Zudem sind Patienten durch MRTs – im Gegensatz zu Röntgengeräten oder CTs – keinerlei ionisierender Strahlung und somit keinen gesundheitlichen Risiken ausgesetzt. In gleichem Maße wie der Einsatz des MRTs steigt jedoch auch die Anzahl der Menschen, die auf Grund einer Herzerkrankung auf moderne Medizintechnik wie Schrittmacher, implantierbare Defibrillatoren oder Elektroden angewiesen sind.

Lange Zeit waren MRT-Geräte und die Implantate nicht verträglich und Herzpatienten mit einem Bedarf an einer MRT-Diagnostik konnten diese fortschrittliche Untersuchungsmethode nicht in Anspruch nehmen, da ihre Sicherheit durch starke Magnetfelder und Radiowellen nicht gewährleistet werden konnte.

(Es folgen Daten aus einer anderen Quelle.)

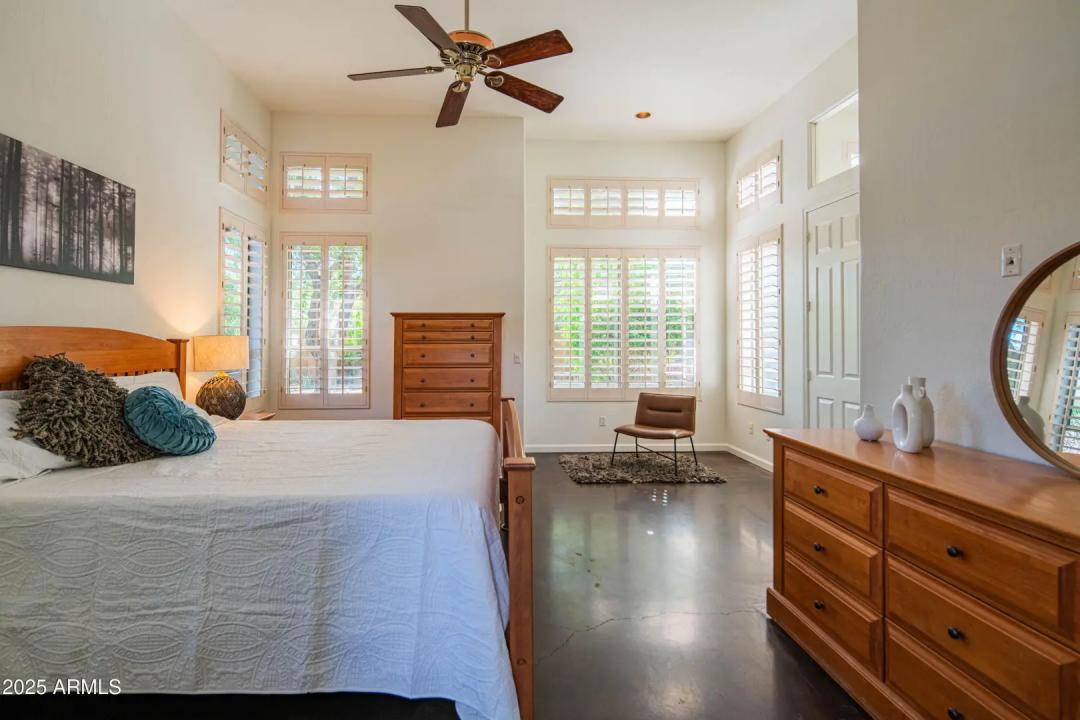 Real Estate Picture 22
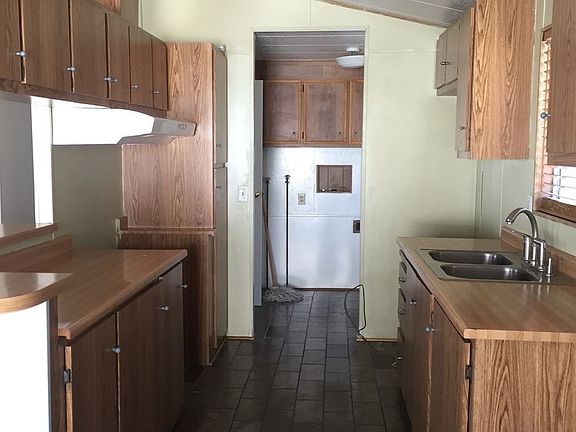 2nd image of 211 S Walker Ave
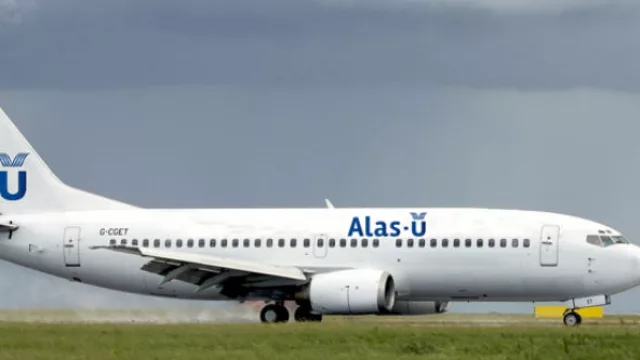 Mientras las aerolíneas del mundo tienden a unirse, las empresas de bandera uruguaya no logran levantar vuelo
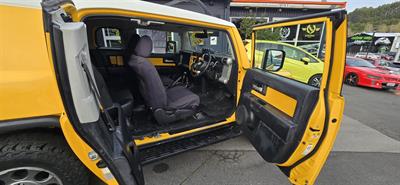 2011 Toyota FJ LANDCRUSER 4WD - Thumbnail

Die Entwicklung der ProMRI-Technologie

Mit dem Anspruch, allen Implantatpatienten die Vorteile der Magnetresonanztomografie zugänglich zu machen, hat das Unternehmen Biotronik, Hersteller von kardiovaskulärer Medizintechnik aus Berlin, die ProMRI-Technologie entwickelt.

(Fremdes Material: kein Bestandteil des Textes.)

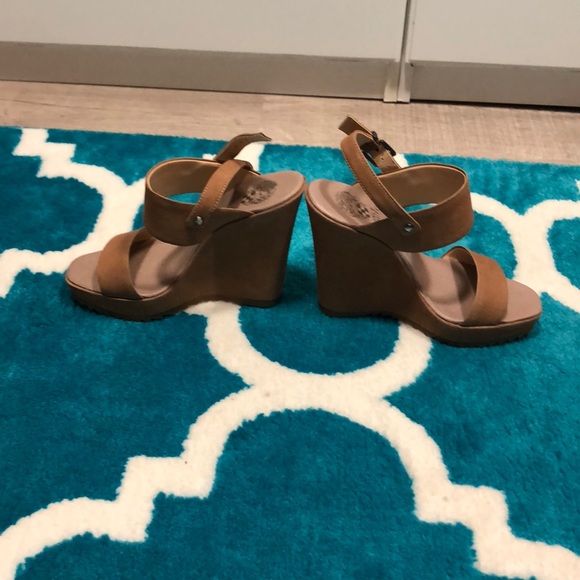 Vince Camuto Tan Leather Wedges (Never Worn) - Picture 5 of 6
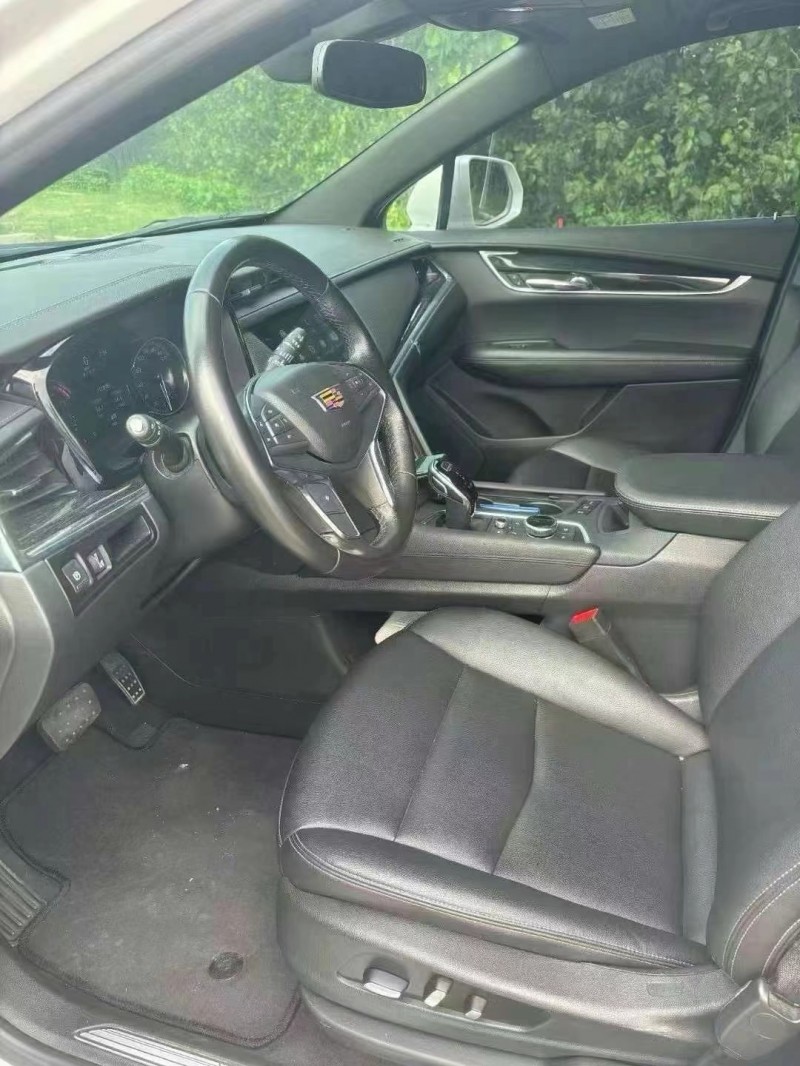 济宁20年凯迪拉克XT52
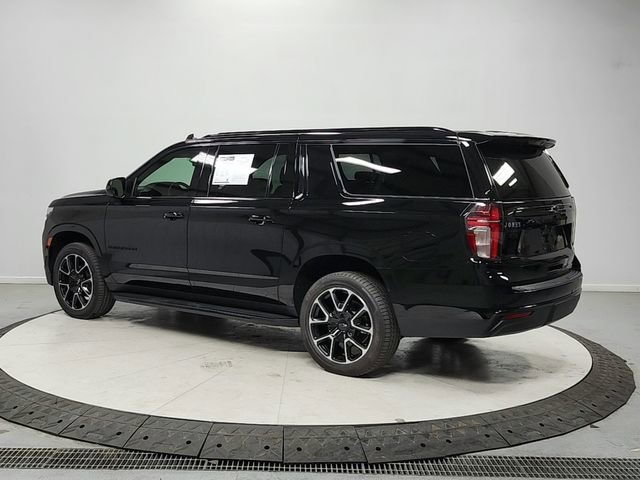 Used 2024 Chevrolet Suburban RST RWD image 5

Sie macht Implantate durch folgende Faktoren MRT-tauglich: Magnetische Bestandteile werden konsequent verringert, besondere Schutzvorrichtungen für die Schaltungen werden eingesetzt und ein sicherer ProMRI-Betriebsmodus integriert. Dieser Betriebsmodus wird vom Arzt vor der Untersuchung aktiviert und anschließend wieder in den ursprünglichen Modus zurückgesetzt.

CRM - Defibrillatoren - Lumax 740 VR-T DX

Dank der ProMRT-Technologie von Biotronik können nun auch Menschen mit Herzschrittmachern oder Defibrillatoren im MRT untersucht werden.

Schon heute umfasst das MRT-taugliche Portfolio des Unternehmens Schrittmacher, implantierbare Kardioverter-Defibrillatoren (ICDs), Geräte zur Kardialen Resynchronisationstherapie (CRTs oder auch Dreikammer-ICDs genannt) sowie Elektroden.

Es bietet MRT-taugliche-Systeme für alle Bereiche des Arrhythmie-Managements: ICD (DR-t, VR-T DX, VR-T), CRT (CRT-D, CRT-P), Herzschrittmacher (DR-T, DR, SR-T, SR), Herzmonitor (BioMonitor).

Aktuell sind MRT-Scanner mit einer Stärke von 1,5 Tesla der klinische Standard, doch liefern Ultrahochfeld-Geräte mit 3,0 Tesla eine deutlich bessere Bildqualität und verkürzen zudem die Aufnahmezeit. Dies kommt wiederum beispielsweise Angst- und Risikopatienten zu Gute.

Als weltweit erstes Unternehmen erhielt Biotronim die CE-Zulassung für Untersuchungen auch mit Ultrahochfeld-MRTs (3,0 Tesla für Einkammer-ICDs und Einkammer-DX-ICDs mit Vorhofdiagnostik). Zudem ist das Unternehmen die einzige Firma, die Herzinsuffizienzpatienten mit einem CRT-Implantat den Zugang zu MRTs ermöglicht. Viele tausend Messungen nach internationalen Standards, Computersimulationen, in-vivo-Testungen und klinische Studien bestätigen dabei die Sicherheit für den Patienten unter bestimmten Scan-Bedingungen.

ProMRI-SystemCheck

Um einen schnellen Überblick über die zahlreichen Kombinationsmöglichkeiten an Scan-Bedingungen, Implantanten und Elektroden zu erhalten, hat das Unternehmen den ProMRI-SystemCheck entwickelt. Hier lässt sich über eine Online-Benutzeroberfläche einfach prüfen, ob beispielsweise ein bestimmtes Herzschrittmachermodell oder ein ICD-System für MRT-Scans zugelassen ist. Zudem wird angezeigt, welche spezifischen Bedingungen bei einem MRT-Scan einzuhalten sind. Und das unter Berücksichtung von länderspezifischen Gegebenheiten.